First, reform must provide employers with clear guidance on who is work authorized and who is not. E-Verify provides critical assistance (and it is improving all the time), but gaps in the current program have shifted much of the de facto enforcement responsibility to employers. This has created far too many amateur document detectives, and keeps employers guessing as to whether the steps they are taking are enough to ensure compliance or leave them crossing the “discrimination” line with unintended consequences. As a result, conscientious employers are slapped with a “silent tax” to pay for immigration compliance services, diverting money that would be better spent hiring new employees.

To their credit, it appears that Sens. Schumer and Graham are focusing strongly on a biometric identifier—and making it the key point of their reform efforts. Given the failure to fully implement RealID, driver’s licenses in many states remain unsecure and a biometric component to establish identity is more important than ever. I’m hopeful that something like the Senators’ proposal, potentially used in combination with an enhanced E-Verify, will finally create a solid employment verification system. But whatever tool is ultimately given to employers—it must be mandatory, and the implementation strategy must be realistic to ensure successful adoption by all.

Second, any reform effort must clearly support and fund our enforcement agencies to ensure full compliance of our immigration laws going forward. For the last several decades, immigration agencies have been woefully understaffed, given their significant mission. ICE has only 6,000 agents, for example, far less than several city police departments, but the agency has a nationwide mission to combat immigration and customs violations. To compound the staffing challenges, if new legislation provides additional opportunities for adjustment, there will be significant attempts to fraudulently adjust. Congress must consider the necessary enforcement footprint that will be required following reform to avoid the failures of the past.

Third, the reform effort should include a serious look at ways to improve the legal system for immigrants. The Congress should consider taking steps to assist indigent aliens to retain counsel at government expense. While ICE attorneys and immigration judges routinely decipher legitimate claims by aliens who are not represented by attorneys, the system should not rely on the ability of opposing counsel or overworked judges to identify valid claims.

Fourth, once immigrants receive a final order of removal, any new legislation should build in procedures that ensure these individuals actually return home. Not surprisingly, many individuals choose to avoid these legal proceedings. Yet, under the current standards, an alien who failed to appear at a final removal hearing can make a “reasonable” claim that their case should be reopened since they were ordered deported in absentia. This makes a mockery of our system. Instead, new legislation should create incentives for aliens to obey immigration court orders. These incentives may include expanded use of alternatives to detention during removal proceedings, or even detention, in appropriate cases to ensure that the court orders are followed.

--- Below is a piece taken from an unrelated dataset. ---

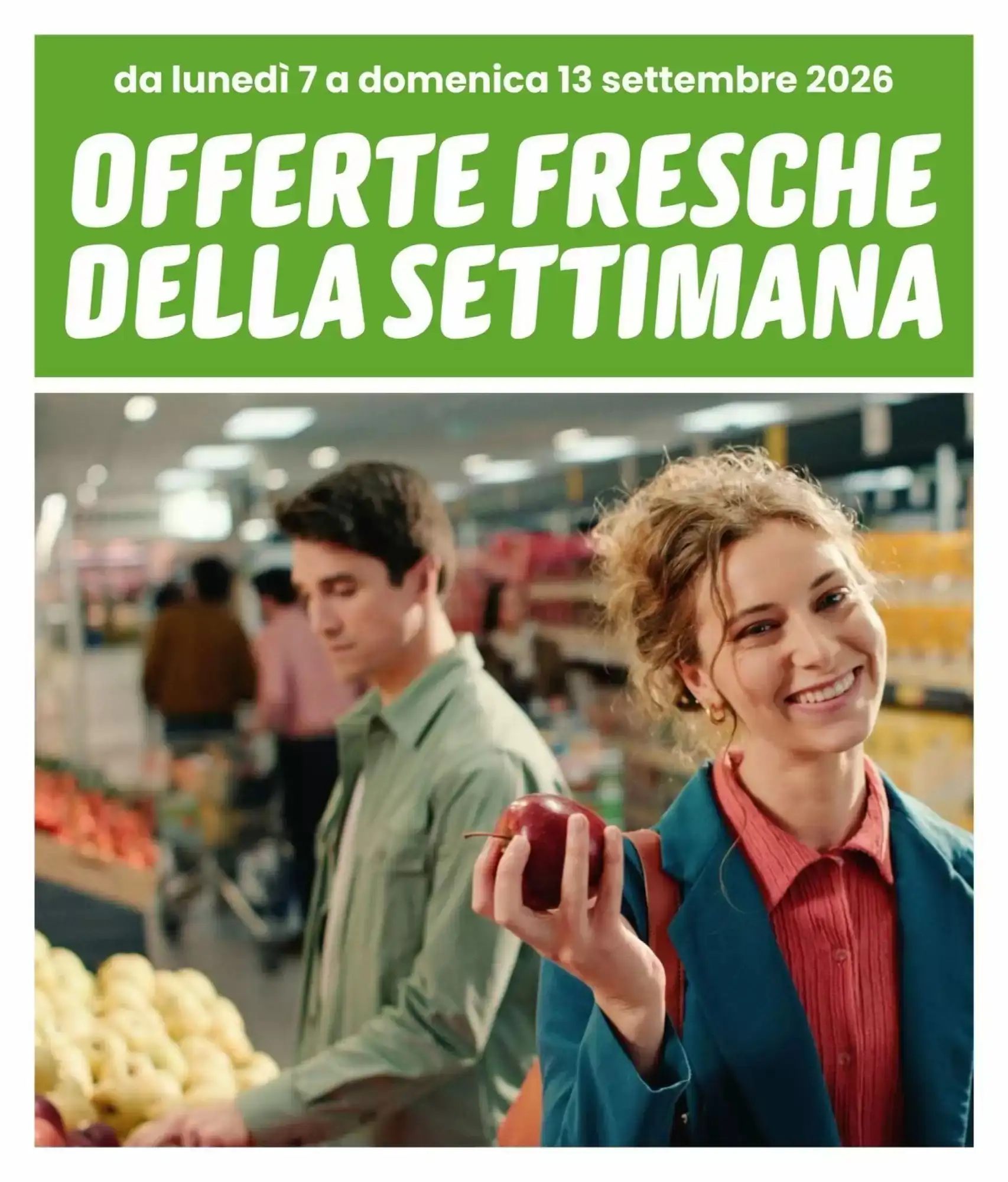 Copertina Eurospin - Volantino Eurospin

The activity this past week shows that there is potential to make progress on reform. However, as a former enforcement chief and veteran of the last debate, I can say with certainty that failure to acknowledge and address the incomplete enforcement efforts of previous legislation will do little to truly reform our laws.

Julie Myers Wood is president of ICS Consulting, LLC and former head of Immigration and Customs Enforcement in the Bush administration.